La anciana hizo una pausa, dejándose caer, apoyada contra la pared, mientras terminaba de recuperar el aliento.

—Veréis —prosiguió —, nosotras podemos jugar con las leyes naturales, una vez que las comprendemos. Pero en la antigüedad, consiguieron llegar a doblegar a la misma realidad. ¿Hacer que la piedra se mueva como la carne? ¿Que el hechizo perdure tanto tiempo? Algo impensable e incomprensible para nosotras.

—Y ese tipo de magia, esos conocimientos… ¿no se han conservado? —preguntó Rendel, con inocente curiosidad —. Es decir, en vuestra casa tenéis un montón de libros, ¿no se guardó también esa sabiduría?

—Sois muy observador, maese Verruga. Gran parte se perdió con la caída del reino de Hulfgar. Pero es cierto que aún existen viejos incunables que guardan los estudios antiguos. Muy pocos. Yo nunca he llegado a ver uno con mis propios ojos. Y no hace falta que diga que esos volúmenes son perseguidos y codiciados. Si por casualidad os encontráis alguno, podréis cambiarlo por un castillo, y todas las tierras de alrededor. Incluso por un Reino, si me apuráis.

Rendel se dio por satisfecho con la explicación. Si veía uno de esos libros, no dudaría en pillarlo. Aunque eso del “saqueo y la profanación” no le hiciera mucha gracia a Zari. Ya la regalaría un castillo, para que se le pasara el enfado.

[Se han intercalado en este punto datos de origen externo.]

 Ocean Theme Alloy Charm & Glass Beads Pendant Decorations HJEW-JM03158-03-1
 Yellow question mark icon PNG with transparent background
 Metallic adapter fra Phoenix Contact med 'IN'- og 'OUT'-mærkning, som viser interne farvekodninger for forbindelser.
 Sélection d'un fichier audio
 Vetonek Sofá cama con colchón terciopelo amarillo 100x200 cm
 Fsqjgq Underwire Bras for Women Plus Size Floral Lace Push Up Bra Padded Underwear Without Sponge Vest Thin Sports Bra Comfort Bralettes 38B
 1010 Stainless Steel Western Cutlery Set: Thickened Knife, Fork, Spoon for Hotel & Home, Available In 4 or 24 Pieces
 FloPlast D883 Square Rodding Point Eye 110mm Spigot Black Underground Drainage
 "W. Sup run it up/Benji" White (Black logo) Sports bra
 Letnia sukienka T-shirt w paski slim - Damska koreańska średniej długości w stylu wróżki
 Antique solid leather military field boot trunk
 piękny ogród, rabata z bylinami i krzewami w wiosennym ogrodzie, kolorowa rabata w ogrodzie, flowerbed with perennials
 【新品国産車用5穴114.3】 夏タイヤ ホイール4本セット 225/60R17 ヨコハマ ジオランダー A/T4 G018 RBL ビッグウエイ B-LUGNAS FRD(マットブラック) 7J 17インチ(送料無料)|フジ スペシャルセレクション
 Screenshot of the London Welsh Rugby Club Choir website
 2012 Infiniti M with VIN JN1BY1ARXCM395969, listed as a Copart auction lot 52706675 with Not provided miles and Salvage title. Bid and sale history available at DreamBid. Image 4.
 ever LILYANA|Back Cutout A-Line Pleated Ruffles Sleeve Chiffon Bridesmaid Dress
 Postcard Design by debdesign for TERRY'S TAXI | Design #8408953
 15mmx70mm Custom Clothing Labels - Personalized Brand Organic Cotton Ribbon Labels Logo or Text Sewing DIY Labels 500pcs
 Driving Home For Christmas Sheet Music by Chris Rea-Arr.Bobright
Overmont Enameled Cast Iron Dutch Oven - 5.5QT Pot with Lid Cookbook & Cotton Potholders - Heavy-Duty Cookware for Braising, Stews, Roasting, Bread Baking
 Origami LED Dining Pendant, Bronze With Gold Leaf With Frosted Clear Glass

—Bueno, ya hemos superado la prueba. Y ahora, ¿qué? —preguntó Alaric, mientras se incorporaba y se limpiaba el polvo de los pantalones.

—La respuesta es sencilla —contestó Edel —. Enfrentarnos a las dos siguientes.

—¿Serán más difíciles que esta?

—Ni más difíciles ni más fáciles. Diferentes. Se crearon para poner a prueba todas las habilidades de cualquier hechicero que deseara entrar al templo, y así asegurarse de que fuera digno.

Todos se quedaron observando a Edel, esperando alguna explicación adicional.

—Está bien, está bien. La próxima es la “prueba de la mente”. Os lo contaré de camino. Pero os aviso: en el siguiente desafío, correr no nos servirá de nada.

Oír eso no le gustó mucho. A él se le daba muy bien eso de correr. En cambio, lo de la “prueba de la mente” no le sonaba tan atractivo. Notó que Zari tironeaba de él, para proseguir el camino. Y con esos pensamientos intranquilos, continuaron tras los demás hacia el oscuro pasadizo que los llevaba a la siguiente prueba. Juntos de la mano, compartiendo su nerviosismo.